Recife / Rio de Janeiro: The scoreline may suggest otherwise, but Spain cruised to an easy 2-1 victory over Uruguay in their Confederations Cup opener, in Recife, on Sunday, winning with first-half goals by Pedro and Roberto Soldado.

At the Maracana in Rio de Janeiro, Mario Balotelli scored the winner and Andrea Pirlo, capping a majestic 100th international appearance by scoring with a 30-metre free-kick, provided the inspiration as Italy beat Mexico 2-1 in their opening match.

Spain had a little luck with the first goal, which may have been heading wide when it took a huge deflection off Uruguay defender Diego Lugano to beat goalkeeper Fernando Muslera. The second one was a perfect finish by Soldado after a cute reverse pass from Cesc Fabregas.

Luis Suarez scored a consolation goal with a delicately curling free kick for Uruguay in the 88th minute.

Spain are trying to win the only major trophy they lack to go with a 2010 World Cup and two consecutive European championships.

Uruguay barely touched the ball in the first 15 minutes as Spain linked dozens of touches together, eventually setting up Pedro’s goal in the 20th. He scored from just outside the area as Lugano lunged trying to stop the shot and pushed it into the goal, instead.

Spain clearly outclassed Uruguay with their usual domination of possession. It reached 77 per cent in the first half and finished at 71 for the match.

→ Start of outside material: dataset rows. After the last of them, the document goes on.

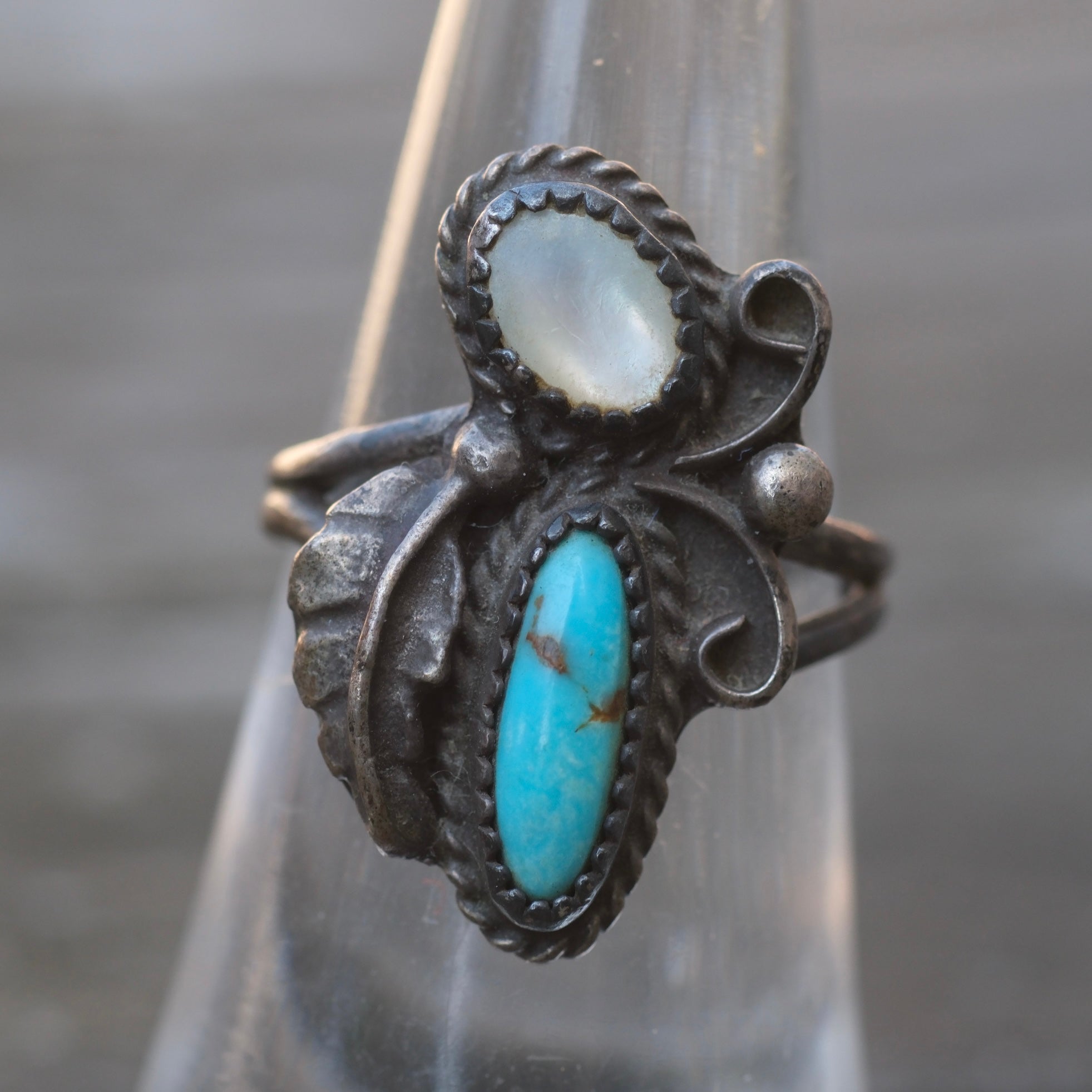Vintage Sterling Turquoise and Mother Of Pearl Ring 6.25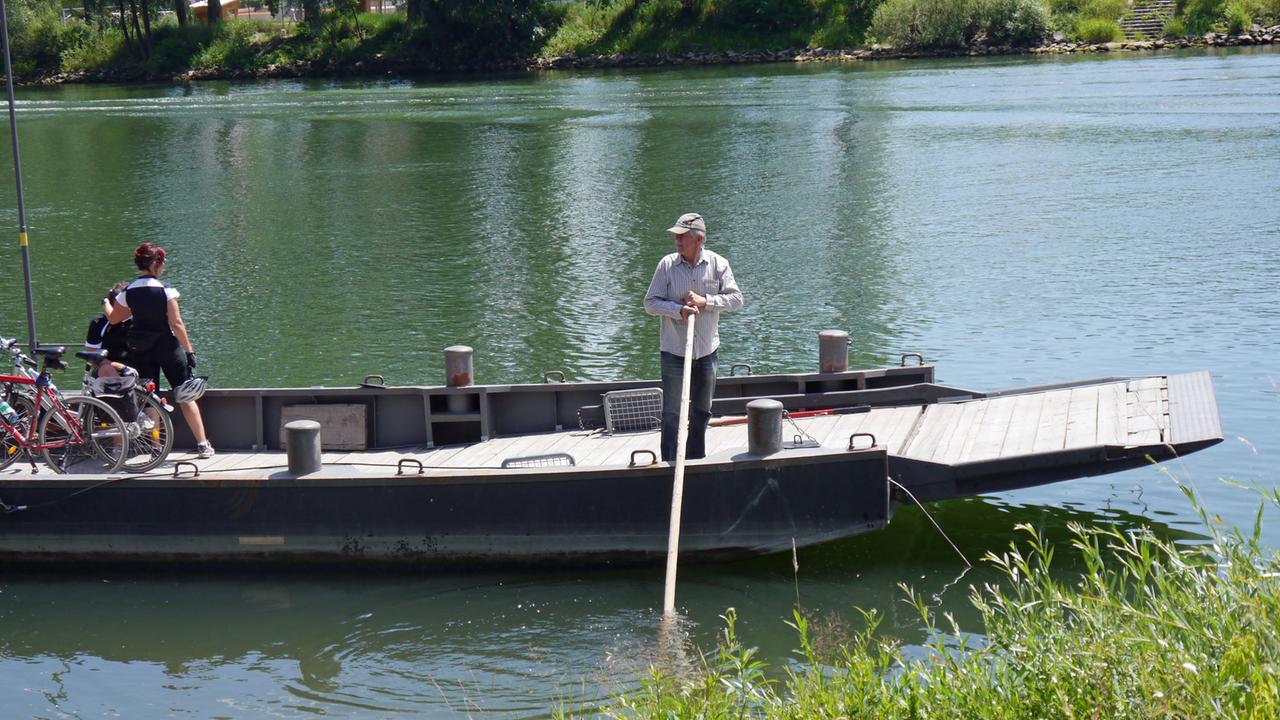 Auf dem Fluss Pentling bei Regensburg arbeitet auch heute noch ein Fährmann.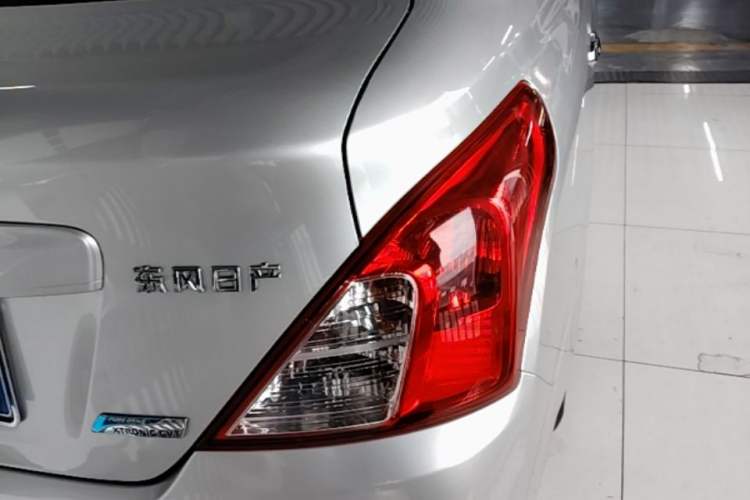 Used Nissan Sunny 2016 1.5XE CVT Leading Edition Right Rear Taillight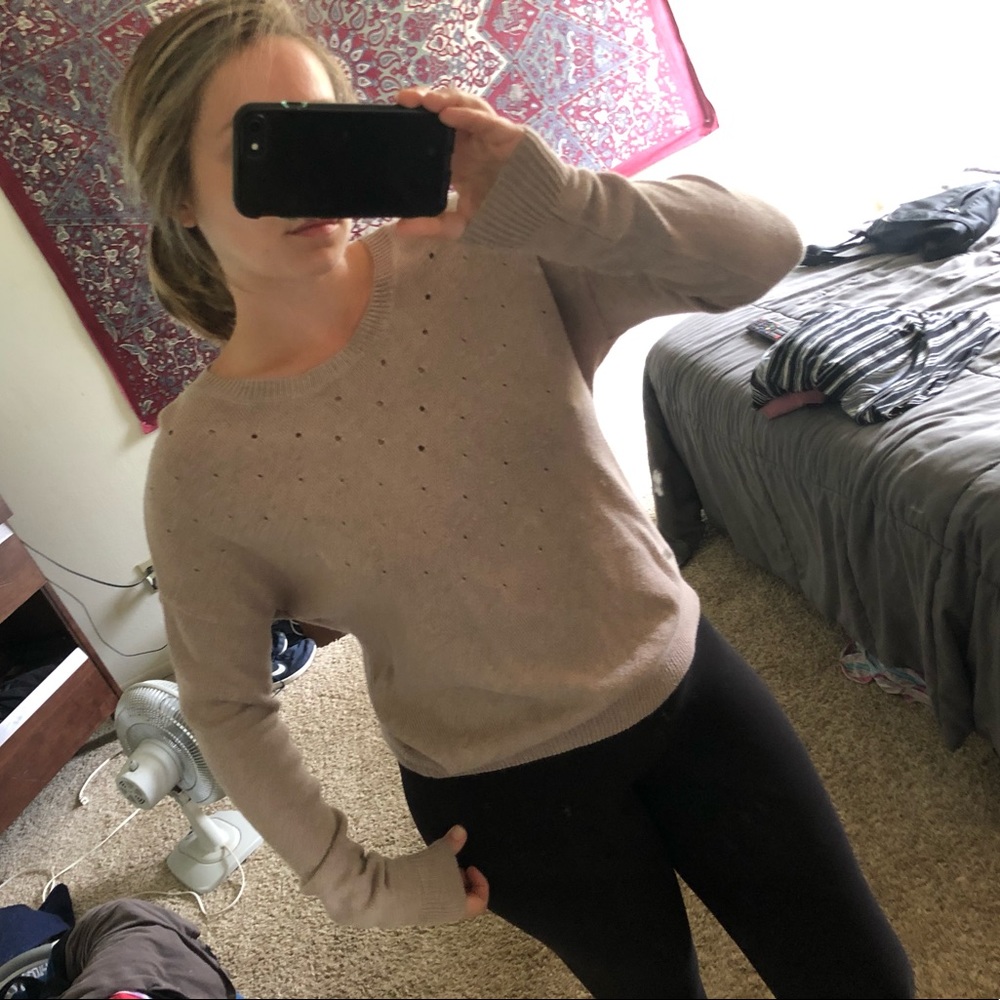 Gap Sweater - Picture 2 of 4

However, the second half was more physical with the pro-Uruguay crowd often jeering Spain’s long spells of possession. Only after Suarez’s late free-kick did the game seem in doubt.

In Rio, Andrea Pirlo’s goal was entirely worthy of the hallowed Maracana, which provided the perfect stage as he became the fifth Italian to reach a century of full internationals.

The 34-year-old brought the fickle and notoriously difficult-to-please Maracana crowd to its feet as he curled the ball over the wall and into the top corner in the 27th minute from distance.

The crowd chanted Pirlo’s name before and after the goal, the rarest honour for a foreign player on a stage previously graced by the likes of Garrincha, Pele, Zico and Romario.

“I don’t have words to describe Pirlo, he’s an example to everyone,” Italy coach Cesare Prandelli said.

Balotelli’s goal was more about power as he latched on to Emanuele Giaccherini’s flicked pass, barged past defender Francisco Rodriguez and fired the ball past Jose Corona with 12 minutes to go.

Javier Hernandez had replied for Mexico with a penalty seven minutes after Pirlo’s masterpiece.

Balotelli, whose notorious temper had been bubbling under the surface for most of the second half, took his shirt off in celebration, earning a yellow card and a reprimand from his coach.

“He wanted to take his shirt off and show his muscles, but all the yellow cards count,” said Prandelli, who has previously suspended Balotelli for indiscipline with former club Manchester City.

“But he played well and didn’t let anyone get to him. He was attentive for the whole game and has shown strength of character.”

Balotelli said he did not realise that he was not allowed to take off his shirt.

“I didn’t know the rules, I won’t do it again,” he said.

The match was again played against the backdrop of teargas and rubber bullets as riot police confronted protesters outside the Maracana.

A similar demonstration had marred Saturday’s opening match between hosts Brazil and Japan in Brasilia. The protests are against the amount of public money being spent on staging the event and next year’s World Cup.